A straightforward and interesting solution to the treatment of missing values is provided by algebraic datatypes. For example, let’s assume we have a variable of type t consisting of values A and B, but that also allows for missing values. Then we could encode this as follows:
data t = A | B data maybe_t = Missing | Observed t
This way the machine learning system can explicitly learn models for cases where missing values occur without having to discriminate on t, which encodings like
data maybe_t = A | B | Missing
would enforce.
More about recoding existing data specifications using algebraic datatypes, advantages that can be achieved this way and more details on how to treat missing values in a fine-grained way can be found in [Mottl2002].
The lack of structure on both input and output values, as is the case for attribute-value representations, makes decision trees not very suitable for expert systems: some data may be collected in a step-wise manner, yielding ever increasing levels of detail.
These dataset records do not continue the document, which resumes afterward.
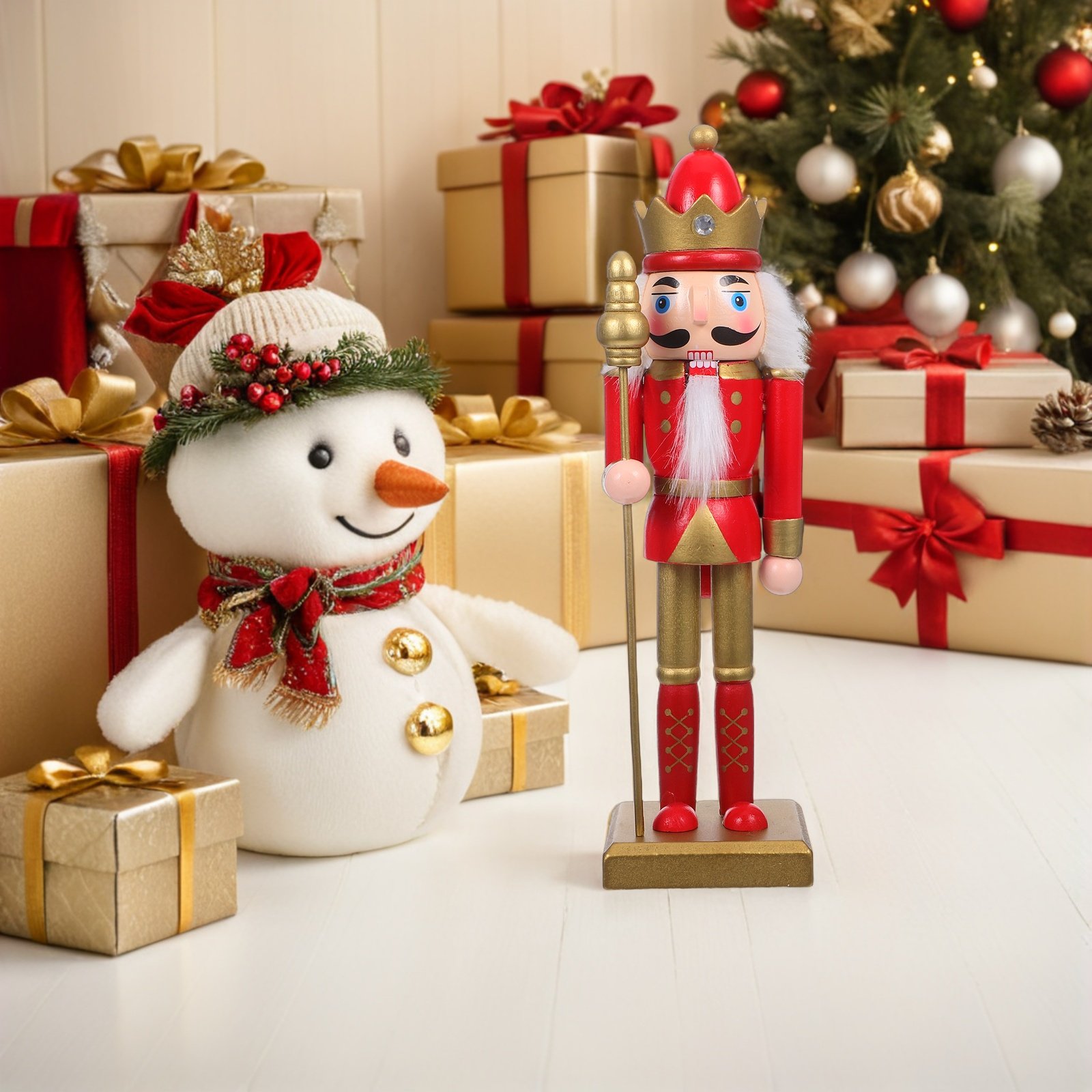 Рождественская фигурка солдата – обзор и цена Nutcracker Figurine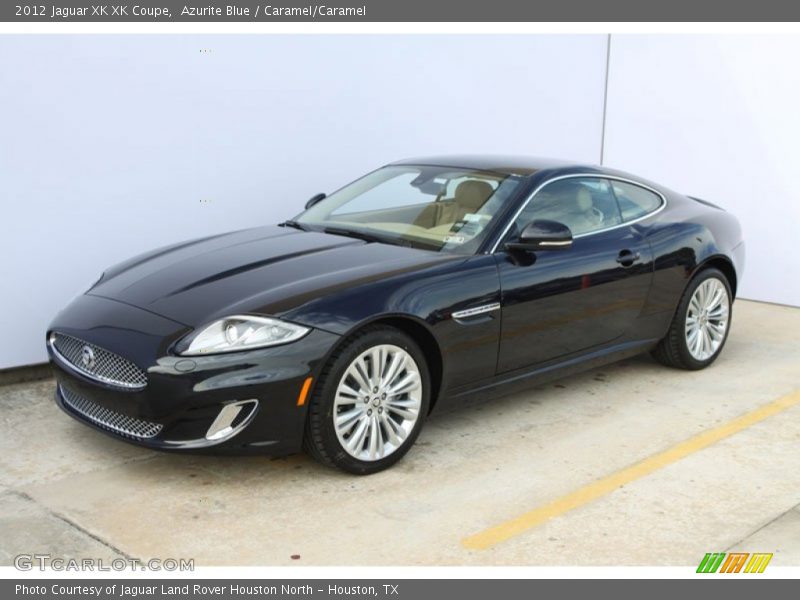 Front 3/4 View of 2012 XK XK Coupe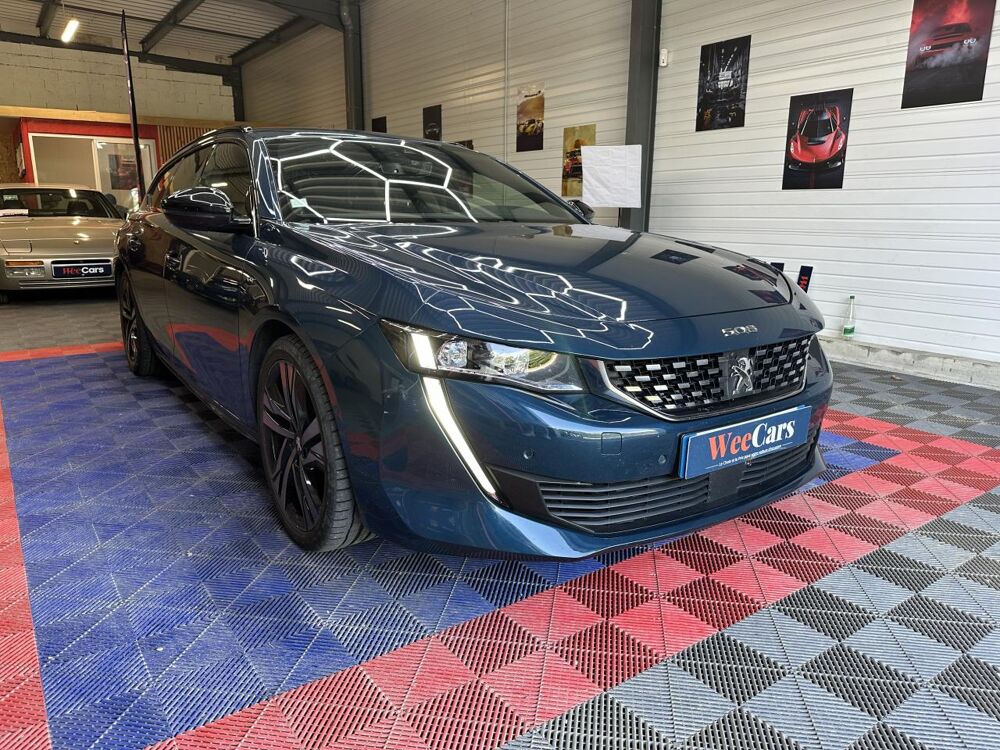 508 GENERATION-II SW 1.6 PURETECH 225 GT PACK EAT BVA START-STOP 2021 occasion 33370 Artigues-pr&egrave;s-Bordeaux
Since only structured attributes allow this, an expert system building on normal decision trees would sometimes force the user to reveal more information in one step to the system than necessary for particular queries. The dual case is that users may only want to know certain aspects of an output value, but normal decision trees would require them to provide sufficient information until a leaf node is reached, even though the partial answer might already be predictable at a much earlier point of time.
As we have explained in section 3.1.2, the presented algorithm (including model factorization) guarantees that a maximum of information is predicted with a minimum of input. Therefore, when a user enters data, the system can immediately tell, what can already be predicted from this information. Dually, when the user asks for a specific part of the result, the system will exactly ask questions only that are really required for determining the requested value.
There is a tight relationship between algebraic datatypes and context-free grammars (CFGs)22: from a mathematical point of view they are both so-called semirings, i.e. they are both defined using equations involving a product operator (product types vs. string concatenation) and a sum operator (sum types vs. alternative productions), both of which are semigroup operations. Types correspond to nonterminals of a CFG while the creation of sum types (alternatives) corresponds to alternative productions of a certain nonterminal. Arguments of constructors correspond to the structure of a production.
Thus, there is always an isomorphic data specification for context-free grammars involving algebraic datatypes. For example, let’s take the following CFG in Backus-Naur form (BNF):
<Sentence> := <Subject> <Predicate> | <Interjection> "!" <Subject> := "He" | "She" <Predicate> := "eats" | "sleeps" <Interjection> := "Wow" | "Ouch"
A corresponding set of type definitions could be specified as follows:
data sentence = SP subject predicate | IJ interjection data subject = He | She data predicate = Eats | Sleeps data interjection = Wow | Ouch
As we can see, each production requires the introduction of a new constructor. If some production contains structure, this constructor (e.g. SP) takes corresponding arguments for each nonterminal in the production. Recursive grammars imply recursive type equations.
Applying the generalized decision tree learner to two such encoded grammars (one for the source language, one for the target language) and sample data (parse trees of words in the two context-free languages), the system essentially induces tree transducers for derivation trees of context-free languages. The resulting algebraic datatypes can be unambiguously converted to words of the context-free target language again.